# 2002

Paris, France

**A Unified Parametric/Nonparametric Approach to PK/PD Population Modeling**

R. H. Leary(1), R. Jelliffe(2), A. Schumitzky(2), and M. Van Guilder(2)

(1) UCSD, San Diego, CA and (2) Laboratory for Applied Pharmacokinetics, USC School of Medicine, Los Angeles, CA

Currently the most popular computational methods for PK/PD population modeling are based on a parametric maximum likelihood (ML) approach that assumes normality or lognormality for the underlying population distribution. In order to reduce computational requirements to reasonable levels, these direct parametric methods make approximations in the computation of the likelihood function that significantly compromise statistical consistency. We have often observed, for example, that such methods introduce artificial correlations between population parameters.

Nonparametric ML methods, such as the NPEM and NPAG programs from our laboratory, have obvious advantages for situations where unimodal parametric distributions may be unrealistic, such as multimodal populations of fast and slow metabolizers. Here it is shown that nonparametric ML methods can also be advantageously applied to the unimodal parametric case to obtain consistent parametric estimators that avoid the difficulties caused by likelihood approximations.

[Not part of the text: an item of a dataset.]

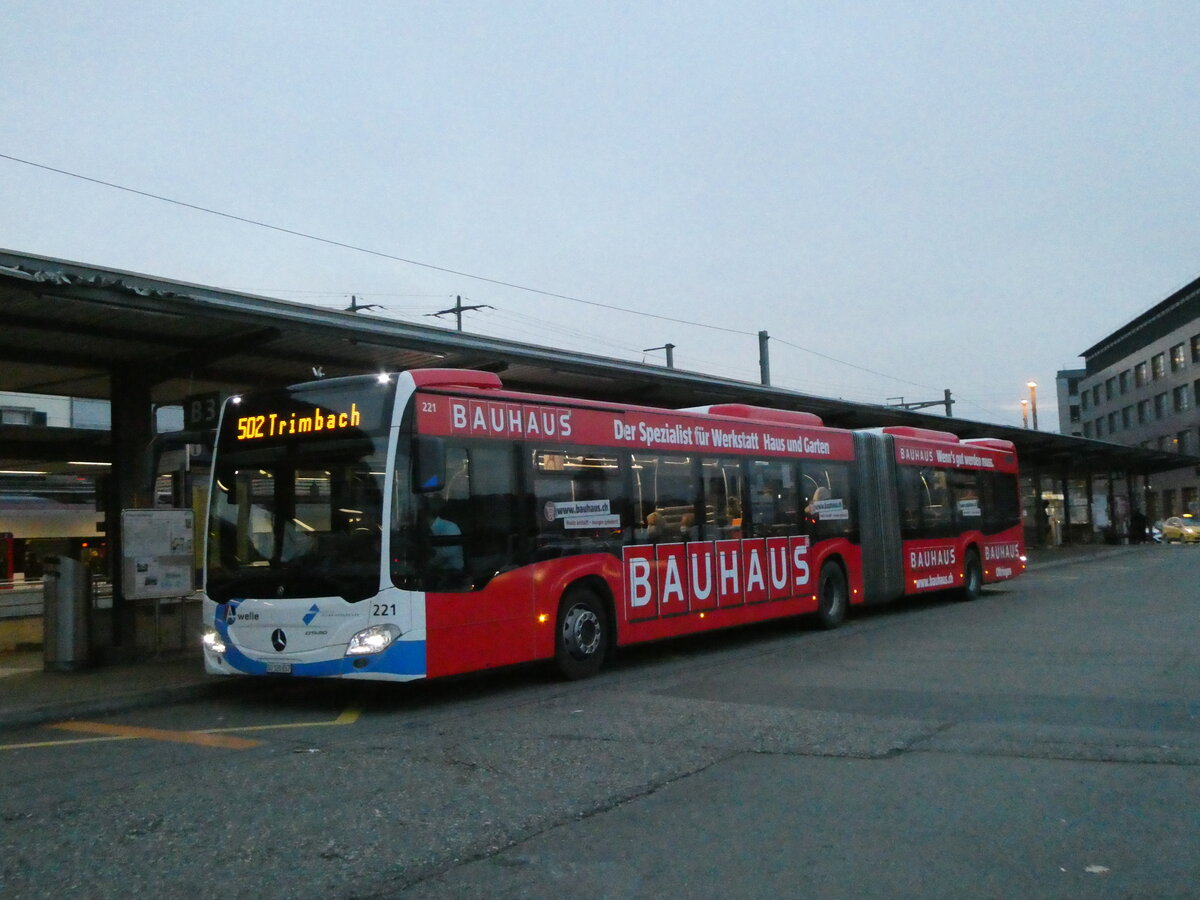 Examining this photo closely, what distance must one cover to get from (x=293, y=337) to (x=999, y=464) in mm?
15280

Nonparametric ML methods produce distribution estimators that can be interpreted as a set of direct observations of the PK/PD parameters for a finite set of virtual subjects, even though there are no such direct observations in the available data. If the nonparametric ML problem is solved exactly, i.e. a global maximum to the likelihood function is found, then the means and covariances of these virtual direct observations are in fact consistent estimators of the means and covariances of an assumed normal or lognormal parametric distribution.

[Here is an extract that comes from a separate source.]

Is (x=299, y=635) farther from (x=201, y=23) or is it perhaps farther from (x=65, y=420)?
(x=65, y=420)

We have recently combined the use of adaptive grids with a primal-dual interior-point algorithm to obtain such globally optimal nonparametric solutions with no introduced approximations. In many cases this can now be done on a single-processor PC, whereas previous nonparametric methods based on the EM algorithm often required a supercomputer to obtain the necessary accuracy. By the simple extension mentioned above, a computationally efficient and statistically consistent common method for both the parametric and nonparametric PK/PD population problems is obtained.

Examples using both simulated and real data are given to illustrate the method.